Under better circumstances, the joke about a Jewish merchant and an angry Taliban militant told last week at a Washington think tank by National Security Adviser General James Jones might have passed as a failed, mildly offensive attempt at humor and nothing more. The stereotypes are objectionable and the punch line not clever. But the joke, told at a moment of heightened tension and mutual suspicion in the delicate relationship between the governments of Israel and the U.S., runs the risk of reinforcing all the wrong elements of the troubled relationship.

Jones' joke isn't worth repeating; suffice it to say, the Taliban militant is angry, anti-Semitic and shortsighted, and the Jewish merchant is clever and successful, and gets the best of his opponent. The crowd at the hawkish Washington Institute for Near East Policy, where Jones gave a pro-Israel speech on national security, laughed heartily when Jones told it. The problem is that the U.S. and Israel are in what the Israeli ambassador to Washington is reported to have recently described as the worst crisis in 30 years, driven largely by substantive differences about how to pursue peace and amplified by public distrust.

On the Israeli side, public opinion is unified by one thing: the existential fear of a rising Iranian nuclear threat. The way many Israelis see it, the Obama Administration is making no headway in curbing Iran's progress toward the ability to create nuclear weapons. Instead, they say, President Barack Obama is pressuring Israeli Prime Minister Benjamin Netanyahu to make concessions aimed at restarting a hopeless peace process with a Palestinian leadership that can't deliver an end to the conflict. And they point to Obama's outreach to the Muslim world — including his Cairo speech and deferential bowing to the Saudi king — as evidence that priorities are skewed at Israel's expense.

It is commonplace in Israel these days, even among educated and worldly people, to hear Obama and his aides labeled as anti-Semites. These Israelis cite Obama's association with the Rev. Jeremiah Wright and what they consider to be his tough approach to Israel. Netanyahu's own brother-in-law recently called Obama an anti-Semite.
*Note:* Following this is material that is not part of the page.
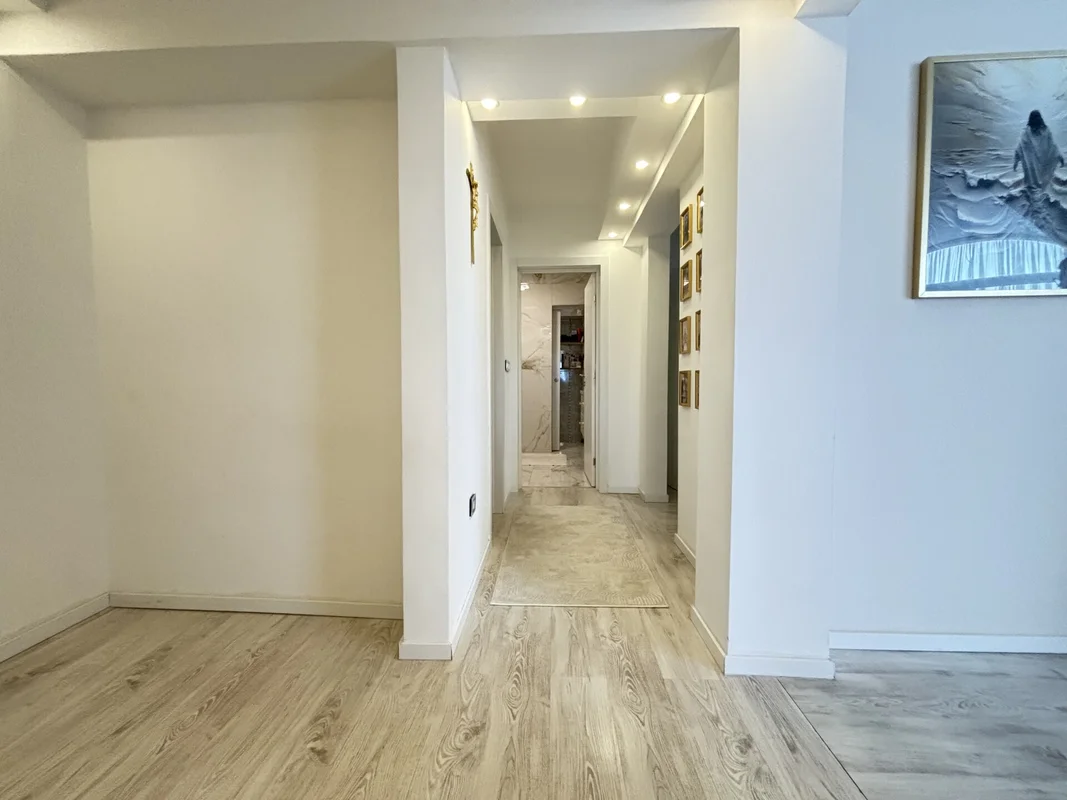 Dubrava – moderan 3-sobni stan s terasom i parkingom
Jones, the President's top foreign policy aide, has become a target for right-wing Israelis. That's because the National Security Adviser has begun to champion the idea of breaking the deadlock between Israelis and Palestinians by introducing an American plan for a two-state solution — an idea opposed by most Israeli leaders. Some are unwilling to make the territorial compromises envisaged in previous peace efforts; others say such a move would require Israel to cede control of territory without getting any firm promise of security in return. And the joke last week wasn't the first time that Jones' attempt at humor had gone badly. Then, as now, the White House declined to include the faux pas in the official transcript it released. Jones' future as National Security Adviser has been the subject of speculation; he was out of the loop on national-security issues in the first year, and he has been overridden on personnel appointments from the start.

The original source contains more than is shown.